Stored data
--*--

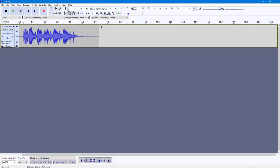So that is how you can apply the reverb effect inside of Audacity. I hope you guys learned something. As always, please like, comment, share, and subscribe.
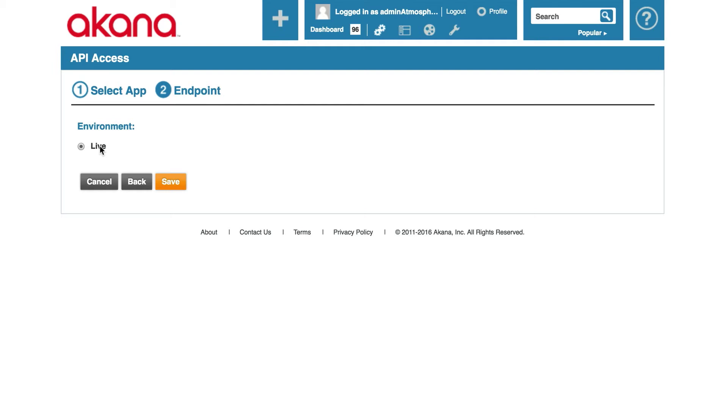If we had a sandbox environment, that would be listed here too. And we can have an option of selecting that. Let's click on save.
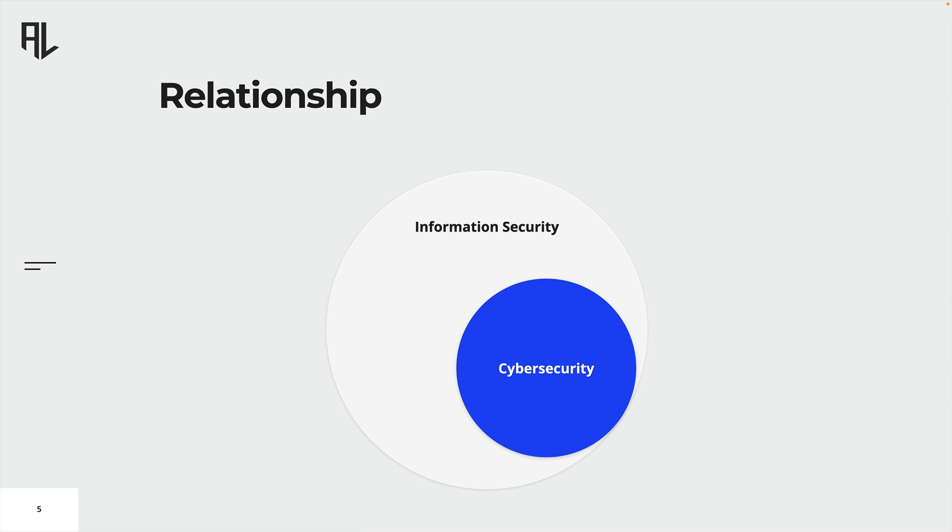Definitions of both terms may vary, but let's agree that information and cybersecurity contribute to the overall goal of ensuring the safety and security of valuable information assets.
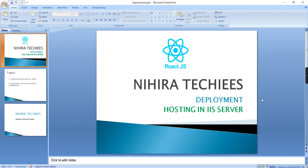Hello friends, welcome to my channel Hira Techies. In this video let me explain how to deploy our React.js application in an IaaS server.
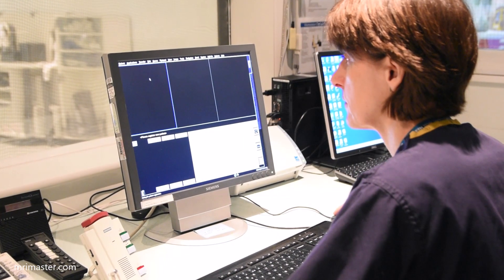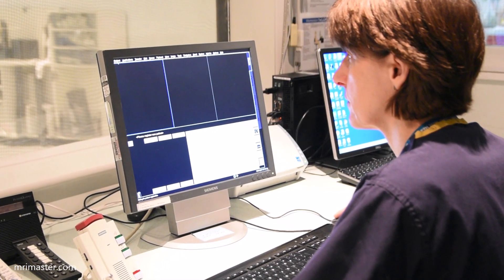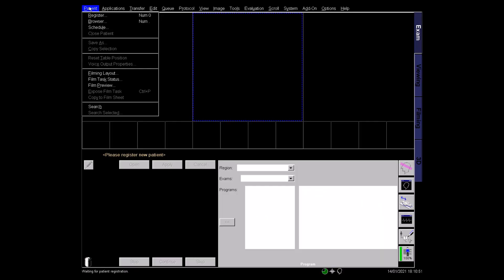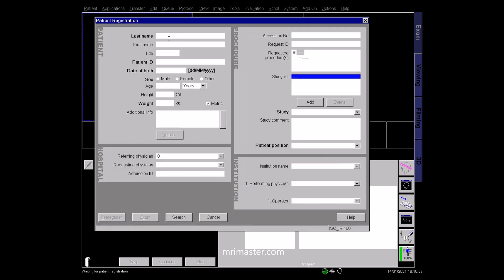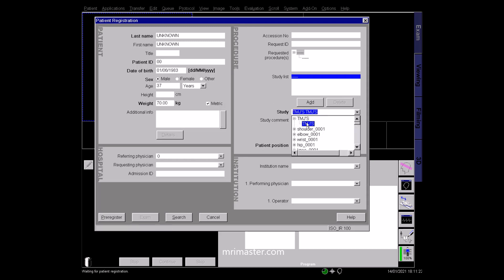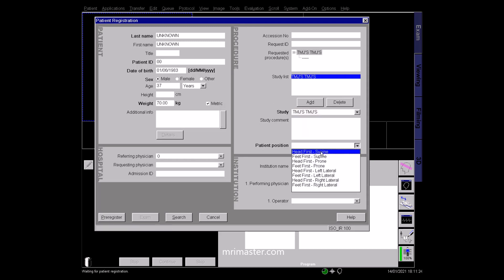Once in the control room, select the patient name in the browser or type in the details manually. Ensure all details including the patient weight are entered correctly so that the SAR levels can be calculated accurately. Register the patient as lying head first and supine.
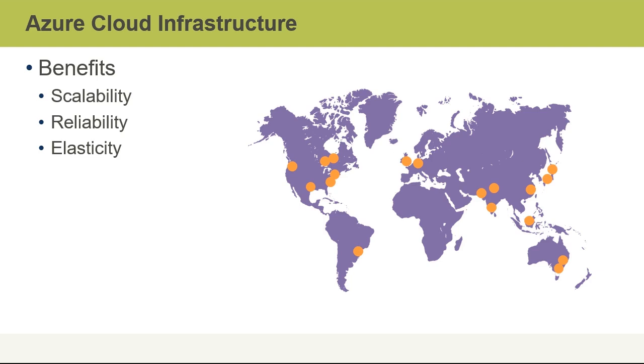There's also the service level agreement or the SLA, which stipulates guaranteed things like the uptime and the response time for certain applications that might run in the Azure cloud.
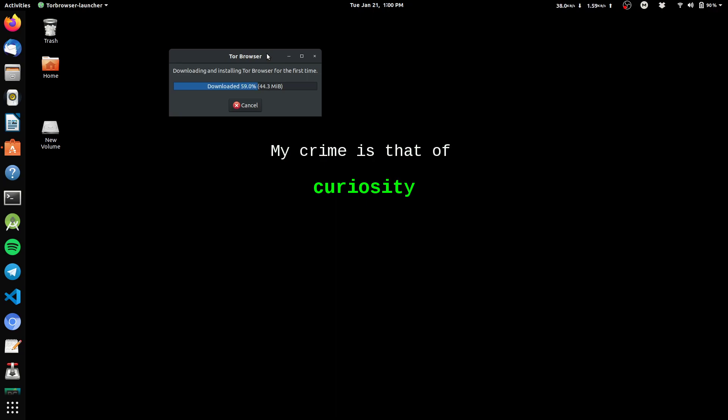Now loading and installing Tor browser for first time. That's because it is downloading all the stuff.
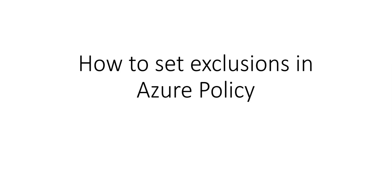Hi, my name is Ashish and in this video we will see how to set exclusions in Azure Policy. We created the Azure policy in the previous video where the only allowed location for one of the resource groups was UK South.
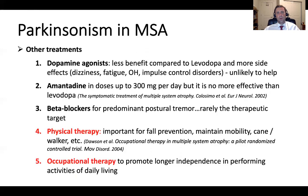I want to emphasize the role of physical therapy — it plays a very important role in fall prevention, maintaining mobility, and providing guidance regarding walking aids such as a cane, walker, or wheelchair. Occupational therapy also plays a very important role by providing different strategies to maintain independence in activities of daily living.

--*--

- [Your assignment]: What you set down should be exactly the lines from the line containing "Definitions of both" to the last line of the entries above, both included, with no pictures.

- [Task output]:
Definitions of both terms may vary, but let's agree that information and cybersecurity contribute to the overall goal of ensuring the safety and security of valuable information assets.
Hello friends, welcome to my channel Hira Techies. In this video let me explain how to deploy our React.js application in an IaaS server.
Once in the control room, select the patient name in the browser or type in the details manually. Ensure all details including the patient weight are entered correctly so that the SAR levels can be calculated accurately. Register the patient as lying head first and supine.
There's also the service level agreement or the SLA, which stipulates guaranteed things like the uptime and the response time for certain applications that might run in the Azure cloud.
Now loading and installing Tor browser for first time. That's because it is downloading all the stuff.
Hi, my name is Ashish and in this video we will see how to set exclusions in Azure Policy. We created the Azure policy in the previous video where the only allowed location for one of the resource groups was UK South.
I want to emphasize the role of physical therapy — it plays a very important role in fall prevention, maintaining mobility, and providing guidance regarding walking aids such as a cane, walker, or wheelchair. Occupational therapy also plays a very important role by providing different strategies to maintain independence in activities of daily living.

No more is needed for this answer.